Records for this task —
%%
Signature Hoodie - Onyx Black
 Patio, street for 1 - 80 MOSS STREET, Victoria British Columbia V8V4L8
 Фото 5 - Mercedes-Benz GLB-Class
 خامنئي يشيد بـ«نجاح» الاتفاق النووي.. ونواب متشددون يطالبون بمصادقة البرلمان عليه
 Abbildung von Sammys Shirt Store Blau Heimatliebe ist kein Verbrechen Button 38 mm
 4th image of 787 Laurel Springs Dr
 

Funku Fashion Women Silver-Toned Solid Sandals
%%
Action item — Could the entries above be output once more, exactly as they are?

Result of this exercise —
Signature Hoodie - Onyx Black
 Patio, street for 1 - 80 MOSS STREET, Victoria British Columbia V8V4L8
 Фото 5 - Mercedes-Benz GLB-Class
 خامنئي يشيد بـ«نجاح» الاتفاق النووي.. ونواب متشددون يطالبون بمصادقة البرلمان عليه
 Abbildung von Sammys Shirt Store Blau Heimatliebe ist kein Verbrechen Button 38 mm
 4th image of 787 Laurel Springs Dr
 

Funku Fashion Women Silver-Toned Solid Sandals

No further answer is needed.